もしあれば、また考える必要がありますけれども、あまり無いということであれば、その 4・5 日というのがありますけれども、今、閲覧して見てですね、それをさらに研究したいと思っている人が 4・5 日待てと言われるのは中々つらいと思いますので、そこはひとつ、特に弊害が大きくないということであればプリントアウトを取ることを認めた方がよろしいのではないかなというふうに思います。

以上です。

土肥 一史 主査:#

はい。ありがとうございました。じゃあ、中山委員 どうぞ。

中山 信弘 委員:#

私も上野委員・茶園委員と同じでして、全部禁止してしまうというのならば良いか悪いかは別として効果があると思うのですけれども、国会図書館に申し込めばいい、5 日間置かせるということは何か嫌がらせをしてなるべくコピーさせないようにするという効果ぐらいしかないのではないかと。

おまけに、現在のコピー・複製の状況を見ると、数日間待つなんてということは、普通では常識では考えられない訳ですね。手書きで書いた方がもっと速いぐらいで考えられない。

従って私もこれはデジタル化するのではなくて、紙にコピーをしていいということであれば、認めない理由はないというふうに思います。もしこれで 5 日間待てなどということをやると、ユーザからものすごいブーイングが起こると思います。なんでこんなことをやるのかという意見が当然おこると思います。

土肥 一史 主査:#

ありがとうございました。前回の法制小委でも無制限の複製を考えておられたご意見は多分無かったのだろうと思うのですね。31 条 1 項 1 号の範囲、そういうことかなと私は認識しておりましたけれど、まだ……はい、多賀谷委員どうぞ。

多賀谷 一照 委員:#

これはですね、最初の図書館の範囲をどの程度まで広げるかという話と関わってくるのですけれども、もしも地方図書館以外の色々な図書館に行ったときに、そこでどういう形で複製がされるということを、十分管理できるかどうかだと私は思うのですね。

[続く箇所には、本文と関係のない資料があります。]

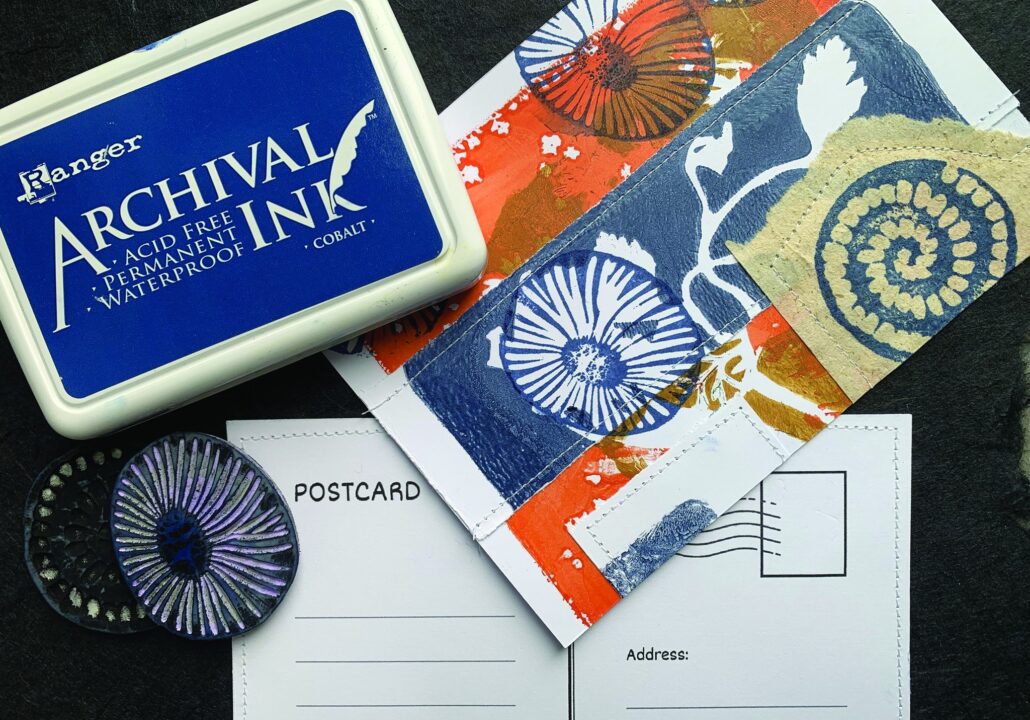 Design, print & sew series of Postcards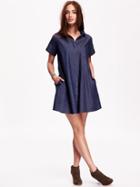 Old Navy Chambray Trapeze Shirtdress - Dark Wash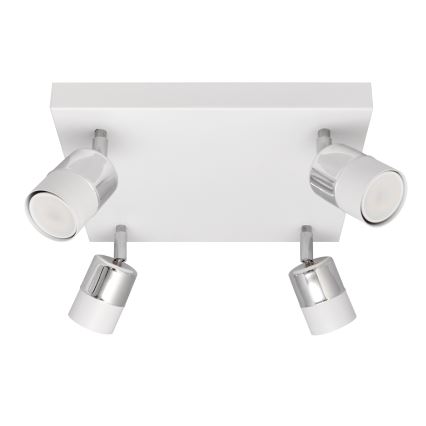LED-kohdevalo TUBSSON 4xGU10/4,8W/230V valkoinen/kiiltävä kromi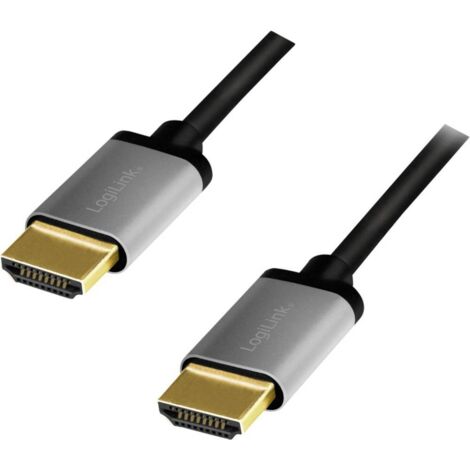 LogiLink HDMI AV Cavo [1x Spina HDMI - 1x Spina HDMI] 3 m Nero - Grigio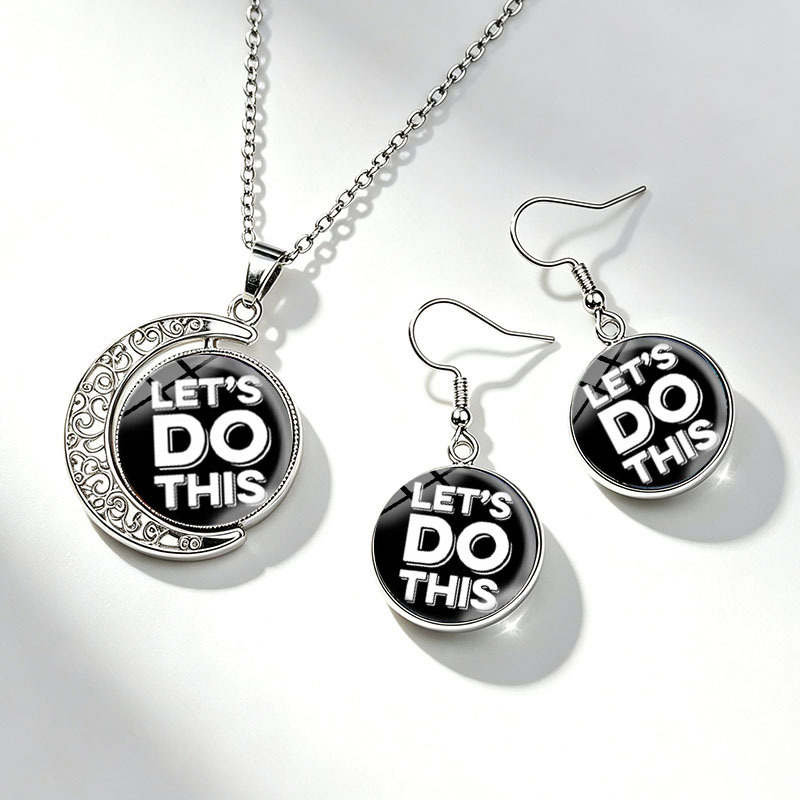 3pc Moon Necklace & Round Dangle Earrings Set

多分そうすると、全部コピーするというようなところですね、管理しないでやるという形が出てくる可能性が多分ある。それで国会図書館は 5 日間程度かかるということは、まあ、ある程度管理している訳ですけれども。私は、先ほど言った話と繋がるのですけれども、オンラインでもって国会図書館と図書館が繋がっていればですね、問題は利用者がどの範囲をコピーしたかということを把握できることが必要なのですね。

それが把握できれば複製を広げることは当然だろうと思うのですけれど、そうではなくて、先でどういうふうにコピーされたか判らないというのだったらそれは問題だと思うので、そこが図書館の管理体制がどうなっているかということと対応で、もし、ちゃんとして管理されているのだったら、複写できるようにするのであれば、それは危険はないと思うので、それは賛成します。

土肥 一史 主査:#

ありがとうございました。実施に進む場合は、多賀谷委員ご指摘のようなリスクというのは十分考慮していただくことだと思います。

山本委員どうぞ。

山本 隆司(たかし) 委員:#

プリントアウトの点なのですが、そのプリントアウトをするというのがですね、今の前提になっている相当期間重版していないものとかいう前提で議論するのであれば、そのプリントアウトありというお話は良いとは思うのですが、あくまでそれが前提であって、その前提が変わる場合にはプリントアウトありということには必ずしもならないというところだけ指摘させていただきたいと思います。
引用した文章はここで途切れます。